Hi everybody,
I’m planning or training a BARTQA model, but before training I would like to test how to actually generate an answer at inference time. I’ve looked through the documentation, but I couldn’t find an obvious answer. Can I do it using the BARTForQuestionAnswering model or do I have to use the BARTForConditionalGeneration model that has the generate() method?
Solving question-answering using Transformers is usually done in one of 2 ways:
either extractive, where the model predicts start_scores and end_scores. In other words, the model predicts which token it believes is at the start of the answer, and which token is at the end of the answer. This was introduced in the original BERT paper.

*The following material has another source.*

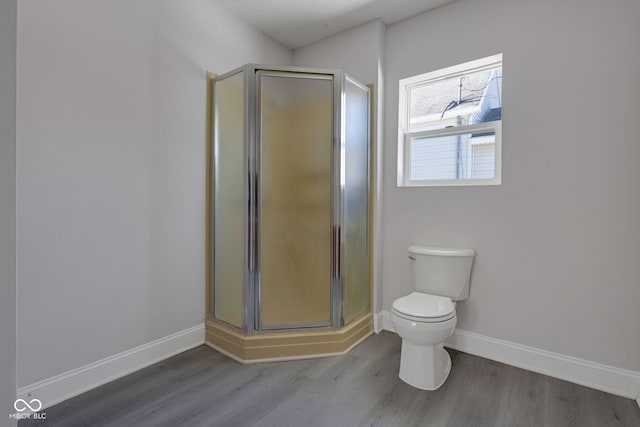 bathroom with wood-type flooring, toilet, and a shower with door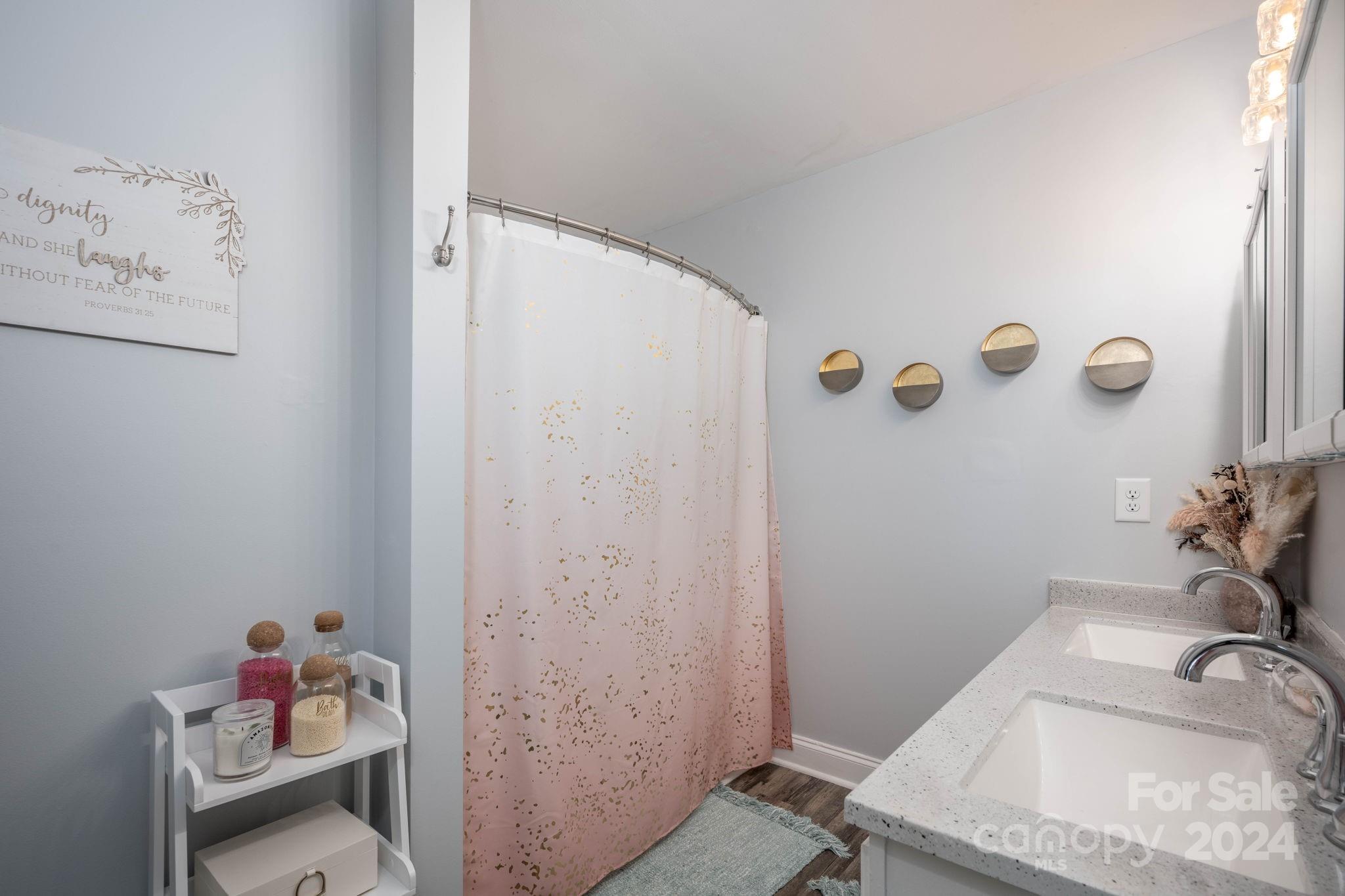 147 High Ridge Road Mooresville, NC 28117 - Photo 19 of 30 a bathroom with a tub and sink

either generative, where the model simply generates the correct answer. This was introduced in the T5 paper, where they treated every NLP problem as a generative task.
As BART is a seq2seq (encoder-decoder) model similar to T5, it makes sense to use BartForConditionalGeneration. You can indeed use the .generate() method at inference time to let it generate a predicted answer. However, BartForQuestionAnswering is also available in the library, meaning you can also use BART to do BERT-like extractive question answering.
If you ask me, option 2 is much simpler, and more “human-like”.
Isn’t BARTForConditionalGeneration trained for summarization, though? I’m going to finetune it but idk how much the model’s behaviour will change.
Thank you very much for your anwser!